Reaction of p-fluorobenzyl chloride (1) with the anion of diethylmethyl malonate (2) gives intermediate diester (3), saponification of which and subsequent decarboxylation leads to 4. Alternatively it can be formed by Perkin reaction between p-fluorobenzaldehyde and propionic anhydride in the presence of NaOAc, followed by catalytic hydrogenation of the olefinic bond using a palladium on carbon catalyst.

Polyphosphoric acid (PPA) cyclization leads to 5-fluoro-2-methyl-3-indanone (4).
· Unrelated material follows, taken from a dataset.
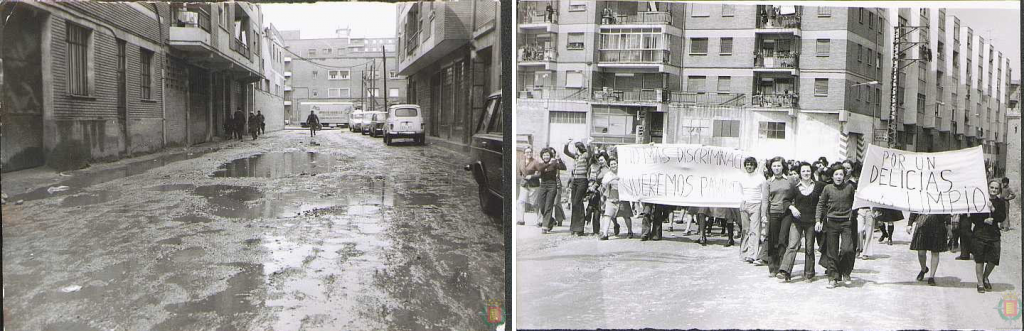 A la derecha, los vecinos se manifiestan al grito de  'No más discriminación, queremos pavimentación'. A la izquierda, una calle sin pavimentar. Ambas imágenes fueron tomadas en los años 70.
A Reformatsky reaction with zinc amalgam and bromoacetic ester leads to carbinol (5), which is then dehydrated with tosic acid to indene 6. Alternatively, this step can be performed in a Knoevenagel condensation with cyanoacetic acid, which is then further decarboxylated.

The active methylene group is condensed with p-methylthiobenzaldehyde, using sodium methoxide as catalyst, and then saponified to give (7), which in turn is oxidized with sodium metaperiodate to give sulindac 8.